7. Il ressort par ailleurs des pièces du dossier que M. A...a été admis en première année de CAP " peinture applicateur de revêtement " en septembre 2016. Par suite, à la date de la décision attaquée, il était engagé dans une formation qualifiante à long terme qu'il suivait effectivement depuis six mois. Il ressort de ses bulletins scolaires et des attestations produites que M. A...a suivi avec sérieux, assiduité et succès les formations dispensées, et son comportement et son insertion font l'objet de rapports très favorables. Enfin, contrairement à ce que soutient le préfet du Nord, il n'est pas établi que M. A...entretiendrait des rapports avec sa famille restée dans son pays d'origine, alors que M. A...fait valoir qu'il n'y a plus d'attache forte. Dès lors, l'intéressé, dont la présence ne constitue pas une menace pour l'ordre public, est fondé à soutenir que le préfet a commis une erreur manifeste d'appréciation en refusant de lui délivrer un titre de séjour sur le fondement des dispositions mentionnées au point 2.

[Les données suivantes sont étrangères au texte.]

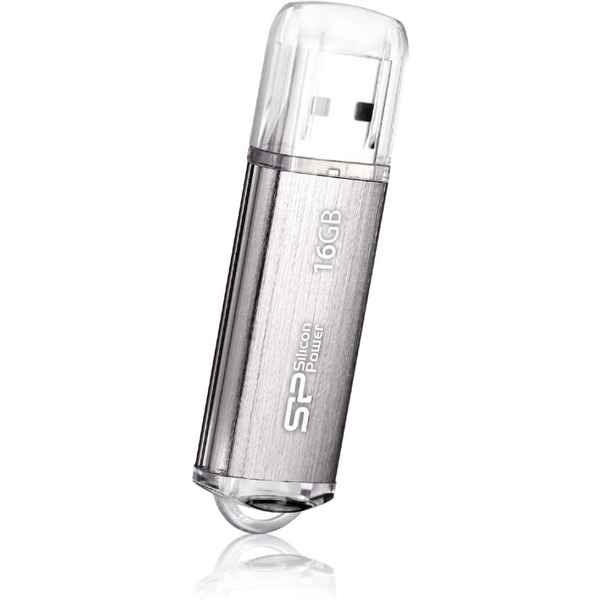 USB Flash Silicon-Power Ultima II I-Series Silver 16 Гб (SP016GBUF2M01V1S)
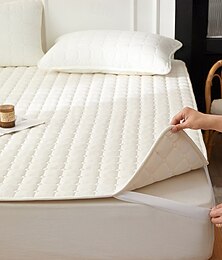 baratos -Protetor de colchão acolchoado e impermeável para casa, quarto ou dormitório; protetor de colchão macio e antiderrapante; proteção para cama e colchão.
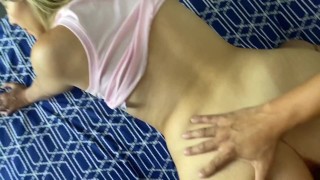 Horny Step Sister Gets Caught Masturbating by Her Step Brother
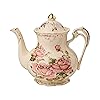 YOLIFE Ivory Rose Teapot with Infuser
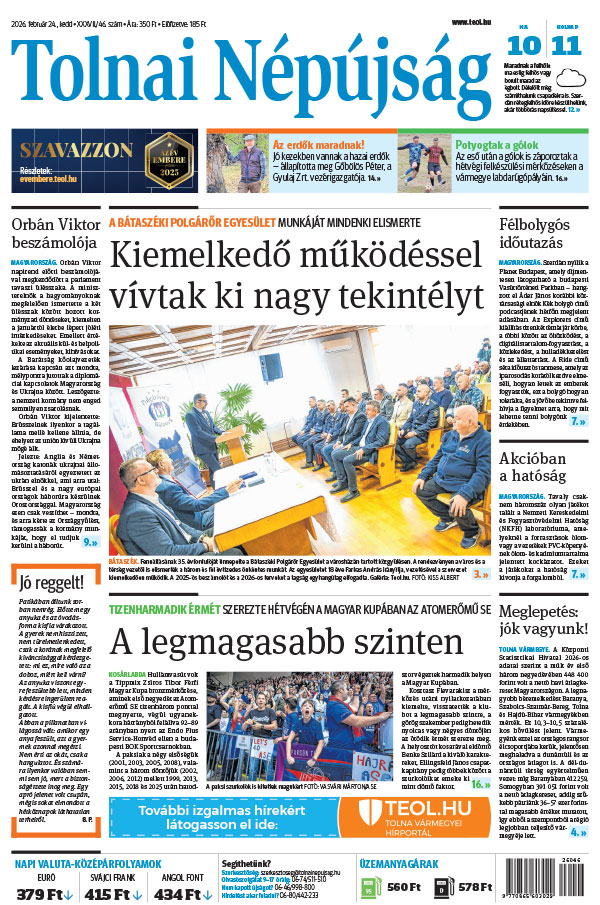 Lapszám: 2026. 02. 24.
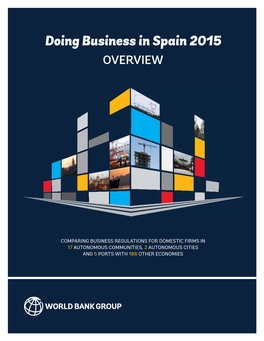 Doing Business in Spain 2015 OVERVIEW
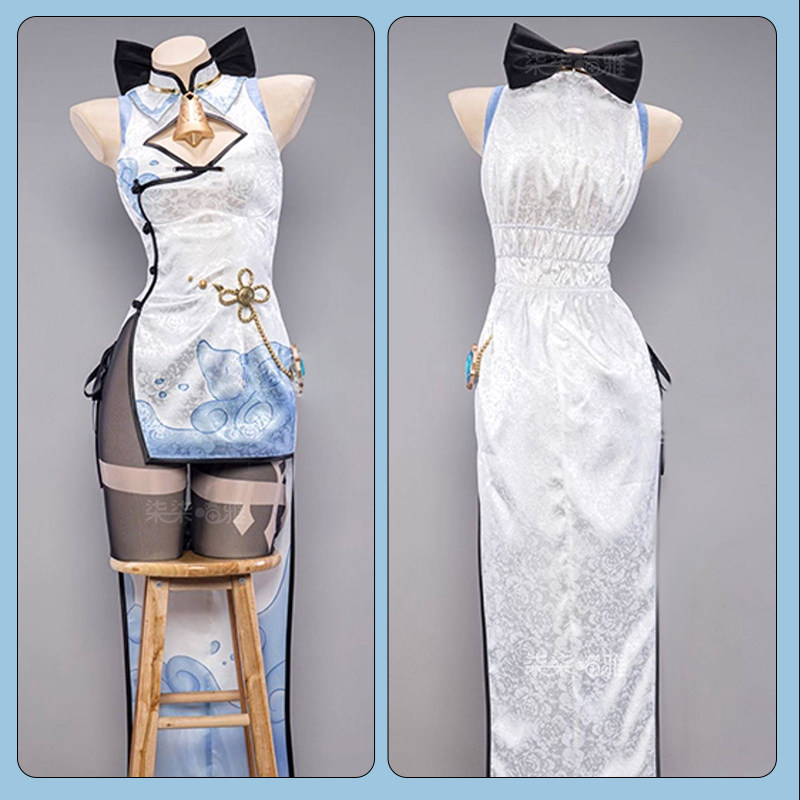 Genshin Impact Ganyu Cheongsam - Anime Cosplay In Chinese 리뷰 및 가격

8. Il résulte de tout ce qui précède, sans qu'il soit besoin d'examiner les autres moyens de la demande que, dans les circonstances de l'espèce, le préfet du Nord n'est pas fondé à soutenir que c'est à tort que, par le jugement attaqué, le tribunal administratif de Lille a annulé l'arrêté du 8 janvier 2018.
9. M. A...a obtenu le bénéfice de l'aide juridictionnelle. Par suite, son avocat peut se prévaloir des dispositions des articles L. 761-1 du code de justice administrative et 37 de la loi du 10 juillet 1991. Il y a lieu, sous réserve que Me Emilie Dewaele, avocat de M.A..., renonce à percevoir la somme correspondant à la part contributive de l'Etat, de mettre à la charge de l'Etat le versement d'une somme de 1 000 euros.
DÉCIDE :
Article 1er : La requête du préfet du Nord est rejetée.
Article 2 : L'Etat versera à Me Emilie Dewaele, sous réserve qu'elle renonce à percevoir la somme correspondant à la part contributive de l'Etat, la somme de 1 000 euros sur le fondement des dispositions de l'article 37 de la loi du 10 juillet 1991.
Article 3 : Le présent arrêt sera notifié au ministre d'Etat, ministre de l'intérieur, à M. C...A...et à Me B...D....
Copie en sera transmise pour information au préfet du Nord.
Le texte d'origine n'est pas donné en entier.